The listing below is to be reproduced in full, character for character.

......

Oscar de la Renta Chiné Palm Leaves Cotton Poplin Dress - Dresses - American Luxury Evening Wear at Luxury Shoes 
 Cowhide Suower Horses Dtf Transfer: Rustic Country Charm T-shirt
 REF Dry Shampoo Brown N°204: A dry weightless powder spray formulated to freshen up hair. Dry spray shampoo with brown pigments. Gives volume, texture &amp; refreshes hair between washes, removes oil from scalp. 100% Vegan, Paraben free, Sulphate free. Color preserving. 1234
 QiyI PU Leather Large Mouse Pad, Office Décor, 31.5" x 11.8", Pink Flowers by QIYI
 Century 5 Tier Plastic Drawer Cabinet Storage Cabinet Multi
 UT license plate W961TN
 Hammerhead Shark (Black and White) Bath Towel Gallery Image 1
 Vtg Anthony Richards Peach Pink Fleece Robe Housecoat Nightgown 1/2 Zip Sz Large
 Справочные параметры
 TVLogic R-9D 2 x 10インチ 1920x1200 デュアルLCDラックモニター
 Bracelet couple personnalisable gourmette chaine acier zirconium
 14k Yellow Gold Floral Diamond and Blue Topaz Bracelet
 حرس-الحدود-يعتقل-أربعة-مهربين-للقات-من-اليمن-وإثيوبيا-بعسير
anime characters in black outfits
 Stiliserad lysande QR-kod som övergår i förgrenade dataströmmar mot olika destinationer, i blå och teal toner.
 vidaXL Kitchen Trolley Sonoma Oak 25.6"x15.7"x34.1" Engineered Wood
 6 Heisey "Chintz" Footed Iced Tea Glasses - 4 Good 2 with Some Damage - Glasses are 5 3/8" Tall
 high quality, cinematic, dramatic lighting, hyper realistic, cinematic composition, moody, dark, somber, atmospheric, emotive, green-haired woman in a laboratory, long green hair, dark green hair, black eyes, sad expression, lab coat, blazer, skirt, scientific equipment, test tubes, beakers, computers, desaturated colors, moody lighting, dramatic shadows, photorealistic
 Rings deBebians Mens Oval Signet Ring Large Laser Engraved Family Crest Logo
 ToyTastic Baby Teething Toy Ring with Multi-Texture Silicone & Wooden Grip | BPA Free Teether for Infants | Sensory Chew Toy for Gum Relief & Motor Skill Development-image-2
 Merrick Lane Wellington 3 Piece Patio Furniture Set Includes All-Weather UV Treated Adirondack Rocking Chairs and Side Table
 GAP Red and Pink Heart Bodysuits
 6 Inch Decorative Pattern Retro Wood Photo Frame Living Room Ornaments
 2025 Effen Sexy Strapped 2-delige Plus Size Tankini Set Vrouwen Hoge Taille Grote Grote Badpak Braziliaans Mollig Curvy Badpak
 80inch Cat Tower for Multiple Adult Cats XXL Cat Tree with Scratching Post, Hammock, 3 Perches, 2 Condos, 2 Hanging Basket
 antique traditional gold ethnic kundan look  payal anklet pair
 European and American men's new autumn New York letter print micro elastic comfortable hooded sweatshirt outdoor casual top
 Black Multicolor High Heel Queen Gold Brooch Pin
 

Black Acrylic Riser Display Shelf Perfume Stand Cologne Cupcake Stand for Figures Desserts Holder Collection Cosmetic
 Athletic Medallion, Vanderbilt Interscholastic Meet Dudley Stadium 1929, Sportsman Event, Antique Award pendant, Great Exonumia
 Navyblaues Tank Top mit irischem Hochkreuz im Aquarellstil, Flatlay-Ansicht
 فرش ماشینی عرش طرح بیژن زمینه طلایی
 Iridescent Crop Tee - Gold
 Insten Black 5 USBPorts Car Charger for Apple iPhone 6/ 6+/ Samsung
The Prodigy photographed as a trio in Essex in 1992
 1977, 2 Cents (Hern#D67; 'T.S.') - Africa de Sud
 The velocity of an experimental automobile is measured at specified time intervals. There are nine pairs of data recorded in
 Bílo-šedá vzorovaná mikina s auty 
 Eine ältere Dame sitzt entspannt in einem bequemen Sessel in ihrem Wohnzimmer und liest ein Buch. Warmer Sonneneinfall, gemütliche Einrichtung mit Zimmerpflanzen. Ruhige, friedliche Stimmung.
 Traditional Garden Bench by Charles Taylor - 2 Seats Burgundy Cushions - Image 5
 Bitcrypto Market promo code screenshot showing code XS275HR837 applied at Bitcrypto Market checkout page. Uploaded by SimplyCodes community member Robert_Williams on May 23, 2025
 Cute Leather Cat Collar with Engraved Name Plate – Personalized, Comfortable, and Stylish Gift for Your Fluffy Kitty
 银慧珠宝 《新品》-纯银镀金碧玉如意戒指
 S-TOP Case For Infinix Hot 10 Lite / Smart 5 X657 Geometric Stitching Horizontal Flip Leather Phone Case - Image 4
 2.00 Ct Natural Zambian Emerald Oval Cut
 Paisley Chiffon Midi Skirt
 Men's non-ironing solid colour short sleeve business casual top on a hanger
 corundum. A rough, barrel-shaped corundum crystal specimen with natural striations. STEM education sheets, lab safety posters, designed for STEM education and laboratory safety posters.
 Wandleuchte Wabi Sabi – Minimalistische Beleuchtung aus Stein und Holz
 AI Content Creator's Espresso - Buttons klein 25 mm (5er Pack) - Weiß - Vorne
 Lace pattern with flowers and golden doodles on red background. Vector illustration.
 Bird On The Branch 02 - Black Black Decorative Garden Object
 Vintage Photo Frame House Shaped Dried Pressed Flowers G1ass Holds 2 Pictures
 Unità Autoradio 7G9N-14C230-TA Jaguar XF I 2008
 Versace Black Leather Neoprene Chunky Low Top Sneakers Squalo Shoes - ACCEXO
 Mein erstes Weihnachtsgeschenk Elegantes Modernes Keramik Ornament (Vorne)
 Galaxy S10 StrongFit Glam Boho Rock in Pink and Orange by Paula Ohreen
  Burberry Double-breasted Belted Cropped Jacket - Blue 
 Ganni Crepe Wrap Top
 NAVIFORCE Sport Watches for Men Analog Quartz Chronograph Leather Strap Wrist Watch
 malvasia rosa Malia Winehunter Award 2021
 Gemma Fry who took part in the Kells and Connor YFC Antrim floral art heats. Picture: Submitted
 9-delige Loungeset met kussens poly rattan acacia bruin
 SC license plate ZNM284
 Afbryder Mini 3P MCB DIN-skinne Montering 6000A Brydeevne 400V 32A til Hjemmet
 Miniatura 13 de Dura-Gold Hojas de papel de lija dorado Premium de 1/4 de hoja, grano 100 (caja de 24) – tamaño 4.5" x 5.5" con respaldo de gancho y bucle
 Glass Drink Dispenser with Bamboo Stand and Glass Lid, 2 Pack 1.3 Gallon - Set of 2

......

### Solved exercise
Oscar de la Renta Chiné Palm Leaves Cotton Poplin Dress - Dresses - American Luxury Evening Wear at Luxury Shoes 
 Cowhide Suower Horses Dtf Transfer: Rustic Country Charm T-shirt
 REF Dry Shampoo Brown N°204: A dry weightless powder spray formulated to freshen up hair. Dry spray shampoo with brown pigments. Gives volume, texture &amp; refreshes hair between washes, removes oil from scalp. 100% Vegan, Paraben free, Sulphate free. Color preserving. 1234
 QiyI PU Leather Large Mouse Pad, Office Décor, 31.5" x 11.8", Pink Flowers by QIYI
 Century 5 Tier Plastic Drawer Cabinet Storage Cabinet Multi
 UT license plate W961TN
 Hammerhead Shark (Black and White) Bath Towel Gallery Image 1
 Vtg Anthony Richards Peach Pink Fleece Robe Housecoat Nightgown 1/2 Zip Sz Large
 Справочные параметры
 TVLogic R-9D 2 x 10インチ 1920x1200 デュアルLCDラックモニター
 Bracelet couple personnalisable gourmette chaine acier zirconium
 14k Yellow Gold Floral Diamond and Blue Topaz Bracelet
 حرس-الحدود-يعتقل-أربعة-مهربين-للقات-من-اليمن-وإثيوبيا-بعسير
anime characters in black outfits
 Stiliserad lysande QR-kod som övergår i förgrenade dataströmmar mot olika destinationer, i blå och teal toner.
 vidaXL Kitchen Trolley Sonoma Oak 25.6"x15.7"x34.1" Engineered Wood
 6 Heisey "Chintz" Footed Iced Tea Glasses - 4 Good 2 with Some Damage - Glasses are 5 3/8" Tall
 high quality, cinematic, dramatic lighting, hyper realistic, cinematic composition, moody, dark, somber, atmospheric, emotive, green-haired woman in a laboratory, long green hair, dark green hair, black eyes, sad expression, lab coat, blazer, skirt, scientific equipment, test tubes, beakers, computers, desaturated colors, moody lighting, dramatic shadows, photorealistic
 Rings deBebians Mens Oval Signet Ring Large Laser Engraved Family Crest Logo
 ToyTastic Baby Teething Toy Ring with Multi-Texture Silicone & Wooden Grip | BPA Free Teether for Infants | Sensory Chew Toy for Gum Relief & Motor Skill Development-image-2
 Merrick Lane Wellington 3 Piece Patio Furniture Set Includes All-Weather UV Treated Adirondack Rocking Chairs and Side Table
 GAP Red and Pink Heart Bodysuits
 6 Inch Decorative Pattern Retro Wood Photo Frame Living Room Ornaments
 2025 Effen Sexy Strapped 2-delige Plus Size Tankini Set Vrouwen Hoge Taille Grote Grote Badpak Braziliaans Mollig Curvy Badpak
 80inch Cat Tower for Multiple Adult Cats XXL Cat Tree with Scratching Post, Hammock, 3 Perches, 2 Condos, 2 Hanging Basket
 antique traditional gold ethnic kundan look  payal anklet pair
 European and American men's new autumn New York letter print micro elastic comfortable hooded sweatshirt outdoor casual top
 Black Multicolor High Heel Queen Gold Brooch Pin
 

Black Acrylic Riser Display Shelf Perfume Stand Cologne Cupcake Stand for Figures Desserts Holder Collection Cosmetic
 Athletic Medallion, Vanderbilt Interscholastic Meet Dudley Stadium 1929, Sportsman Event, Antique Award pendant, Great Exonumia
 Navyblaues Tank Top mit irischem Hochkreuz im Aquarellstil, Flatlay-Ansicht
 فرش ماشینی عرش طرح بیژن زمینه طلایی
 Iridescent Crop Tee - Gold
 Insten Black 5 USBPorts Car Charger for Apple iPhone 6/ 6+/ Samsung
The Prodigy photographed as a trio in Essex in 1992
 1977, 2 Cents (Hern#D67; 'T.S.') - Africa de Sud
 The velocity of an experimental automobile is measured at specified time intervals. There are nine pairs of data recorded in
 Bílo-šedá vzorovaná mikina s auty 
 Eine ältere Dame sitzt entspannt in einem bequemen Sessel in ihrem Wohnzimmer und liest ein Buch. Warmer Sonneneinfall, gemütliche Einrichtung mit Zimmerpflanzen. Ruhige, friedliche Stimmung.
 Traditional Garden Bench by Charles Taylor - 2 Seats Burgundy Cushions - Image 5
 Bitcrypto Market promo code screenshot showing code XS275HR837 applied at Bitcrypto Market checkout page. Uploaded by SimplyCodes community member Robert_Williams on May 23, 2025
 Cute Leather Cat Collar with Engraved Name Plate – Personalized, Comfortable, and Stylish Gift for Your Fluffy Kitty
 银慧珠宝 《新品》-纯银镀金碧玉如意戒指
 S-TOP Case For Infinix Hot 10 Lite / Smart 5 X657 Geometric Stitching Horizontal Flip Leather Phone Case - Image 4
 2.00 Ct Natural Zambian Emerald Oval Cut
 Paisley Chiffon Midi Skirt
 Men's non-ironing solid colour short sleeve business casual top on a hanger
 corundum. A rough, barrel-shaped corundum crystal specimen with natural striations. STEM education sheets, lab safety posters, designed for STEM education and laboratory safety posters.
 Wandleuchte Wabi Sabi – Minimalistische Beleuchtung aus Stein und Holz
 AI Content Creator's Espresso - Buttons klein 25 mm (5er Pack) - Weiß - Vorne
 Lace pattern with flowers and golden doodles on red background. Vector illustration.
 Bird On The Branch 02 - Black Black Decorative Garden Object
 Vintage Photo Frame House Shaped Dried Pressed Flowers G1ass Holds 2 Pictures
 Unità Autoradio 7G9N-14C230-TA Jaguar XF I 2008
 Versace Black Leather Neoprene Chunky Low Top Sneakers Squalo Shoes - ACCEXO
 Mein erstes Weihnachtsgeschenk Elegantes Modernes Keramik Ornament (Vorne)
 Galaxy S10 StrongFit Glam Boho Rock in Pink and Orange by Paula Ohreen
  Burberry Double-breasted Belted Cropped Jacket - Blue 
 Ganni Crepe Wrap Top
 NAVIFORCE Sport Watches for Men Analog Quartz Chronograph Leather Strap Wrist Watch
 malvasia rosa Malia Winehunter Award 2021
 Gemma Fry who took part in the Kells and Connor YFC Antrim floral art heats. Picture: Submitted
 9-delige Loungeset met kussens poly rattan acacia bruin
 SC license plate ZNM284
 Afbryder Mini 3P MCB DIN-skinne Montering 6000A Brydeevne 400V 32A til Hjemmet
 Miniatura 13 de Dura-Gold Hojas de papel de lija dorado Premium de 1/4 de hoja, grano 100 (caja de 24) – tamaño 4.5" x 5.5" con respaldo de gancho y bucle
 Glass Drink Dispenser with Bamboo Stand and Glass Lid, 2 Pack 1.3 Gallon - Set of 2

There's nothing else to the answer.